Foto Kompas.id

Foto Kompas.id

KKB Papua Berulah Lagi, Pesawat Ditembak hingga Tangki dan Ban Rusak

Kelompok kriminal bersenjata (KKB) pimpinan Egianus Kogoyo menembak pesawat milik Sam Air yang mendarat di Bandar Udara Kenyam, Kabupaten Nduga, Papua, Selasa (7/6/2022). Akibatnya, tangkit dan ban depan pesawat rusak.

Dikutip dari Kompas.id, Kepala Bidang Hubungan Masyarakat Polda Papua Komisaris Besar Ahmad Mustofa Kamal di Jayapura ketika membenarkan informasi tersebut.

Ia mengatakan penembakan pesawat dengan nomor registrasi PK- SMG ini terjadi Selasa pada pukul 10.50 WIT. Menurutnya penembakan pesawat oleh KKB terjadi saat pesawat mendarat di Bandara Kenyam.

Pesawat ini dipiloti oleh Kapten Farhan Fachri dan kopilot Reza Ariestha Ragainaga.

”Kedua awak pesawat berhasil diselamatkan pihak keamanan di bandara. KKB pimpinan Egianus Kogoya melepaskan 15 tembakan ke arah pesawat,” kata Ahmad.

Ia mengatakan tak ada korban jiwa dalam penembakaan tersebut. Namun aksi tersebut merugikan masyarakat setempat karena pesawat tersebut digunakan untuk mengangkut kebutuhan pokok untuk masyarakat di Nduga.

”Tidak ada korban jiwa dalam peristiwa ini. Pesawat Sam Air tidak dapat melanjutkan penerbangan karena mengalami kerusakan pada ban depan pesawat dan tangki bahan bakar yang bocor akibat terkena tembakan,” ujar Ahmad.

Sementara itu Wakil Kepala Operasi Satgas Nemangkawi Komisaris Besar Faisal Ramadhani menyatakan, pihaknya akan meningkatkan patroli di daerah rawan aksi serangan KKB. Patroli tidak hanya di wilayah permukiman warga, tetapi obyek vital milik negara.

Total sudah terjadi tiga kali aksi KKB pimpinan Egianus Kogoya menyerang pesawat saat mendarat di Bandara Kenyam.

Sebelumnya kopilot pesawat Dimonim Air, Irene Nur Farida, terluka di pergelangan kaki kanan akibat terkena serpihan peluru saat KKB menembaki pesawatnya ketika mendarat di Bandara Kenyam pada 22 Juni 2018.

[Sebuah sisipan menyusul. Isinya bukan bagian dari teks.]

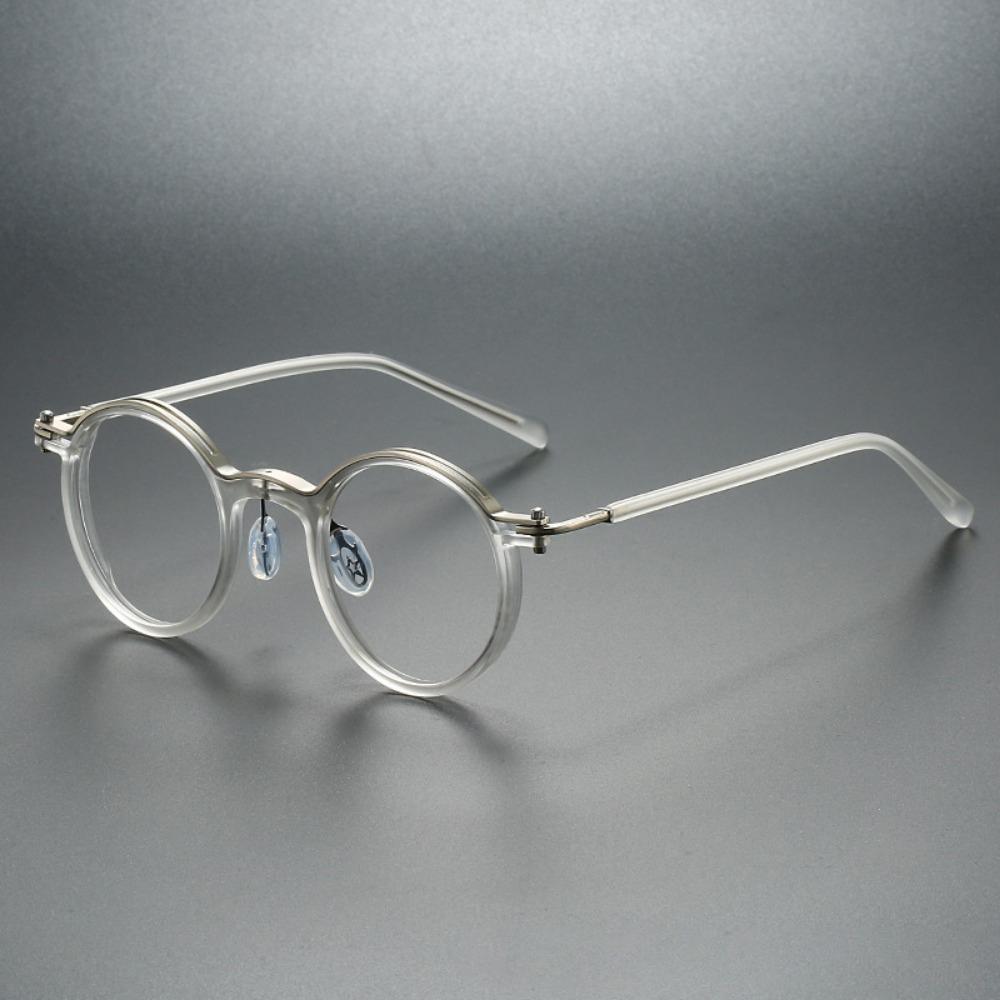 Retro Luxury Round Frame Metal PC Glasses Ultralight Unisex Fashion Eyewear Brand Design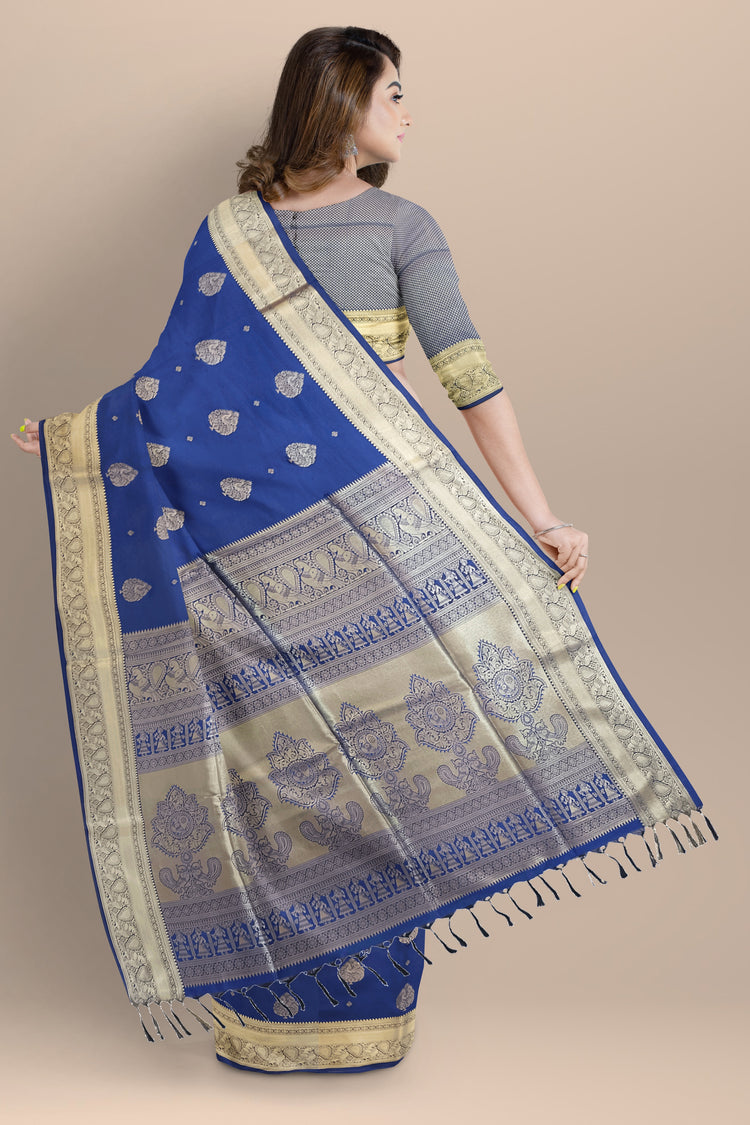 Navy Blue Art Silk Saree with Golden Zari Motifs and Rich Golden Zari Border and Pallu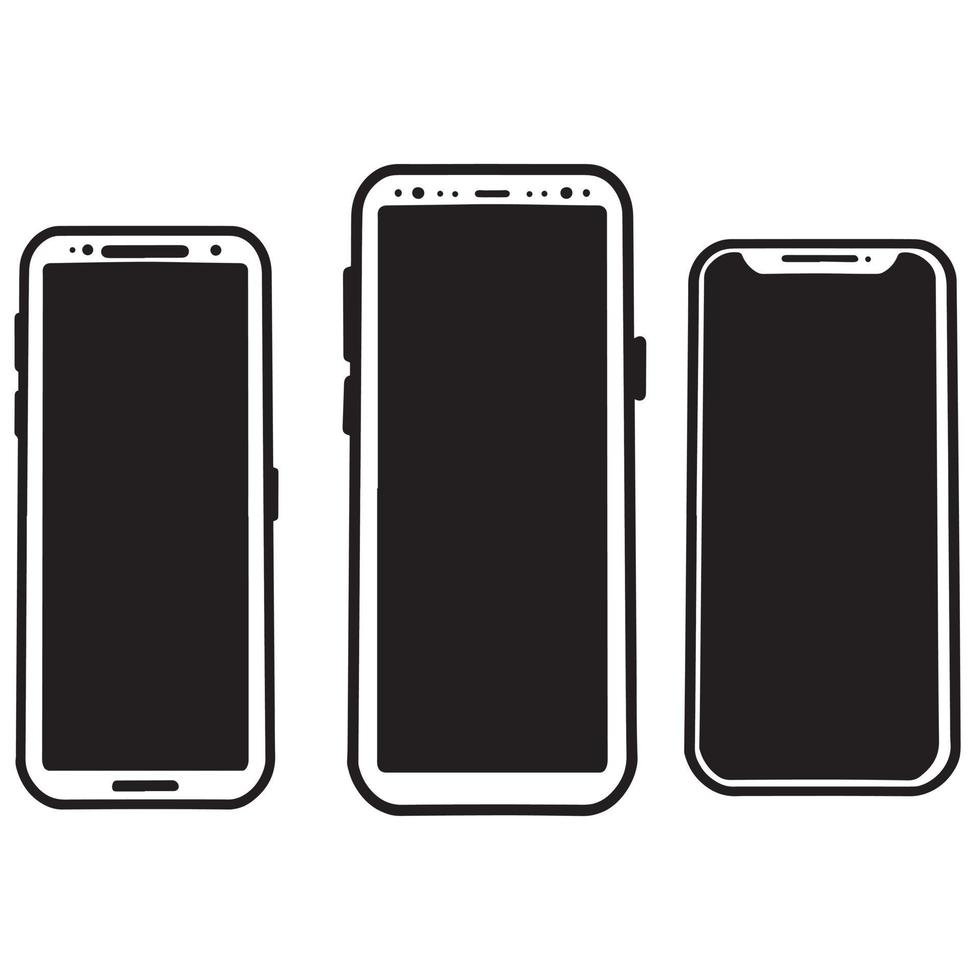 gadgets, teléfono móvil, teléfono inteligente, ilustración de vector de contorno blanco negro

Sementara pilot pesawat Trigana Air, Kapten Ahmad Abdillah Kamil, terluka karena tertembak di bagian punggung. Ia tertembak ketika KKB menyerang pesawatnya mendarat di Bandara Kenyam pada 26 Juni 2018.

Pengamat penerbangan di Papua, Norbertus Tunjanan, berpendapat, insiden penembakan pesawat yang sedang melakukan manuver ketika mendarat dan lepas landas di bandara sangat membahayakan awak pesawat serta penumpang.

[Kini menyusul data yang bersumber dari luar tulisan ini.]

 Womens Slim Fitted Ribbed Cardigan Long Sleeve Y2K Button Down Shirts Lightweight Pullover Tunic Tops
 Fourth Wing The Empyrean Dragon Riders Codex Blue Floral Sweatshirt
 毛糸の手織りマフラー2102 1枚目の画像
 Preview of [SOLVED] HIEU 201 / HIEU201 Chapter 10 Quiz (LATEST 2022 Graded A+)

Kondisi masalah gangguan keamanan ini sudah terjadi beberapa tahun terakhir.

”Para pilot yang melayani rute penerbangan di wilayah pegunungan Papua kini tak hanya menghadapi tantangan kondisi cuaca dan fasilitas infrastruktur bandara yang belum memadai. Para pilot juga kini harus menghadapi masalah gangguan keamanan di area bandara,” kata Norbertus.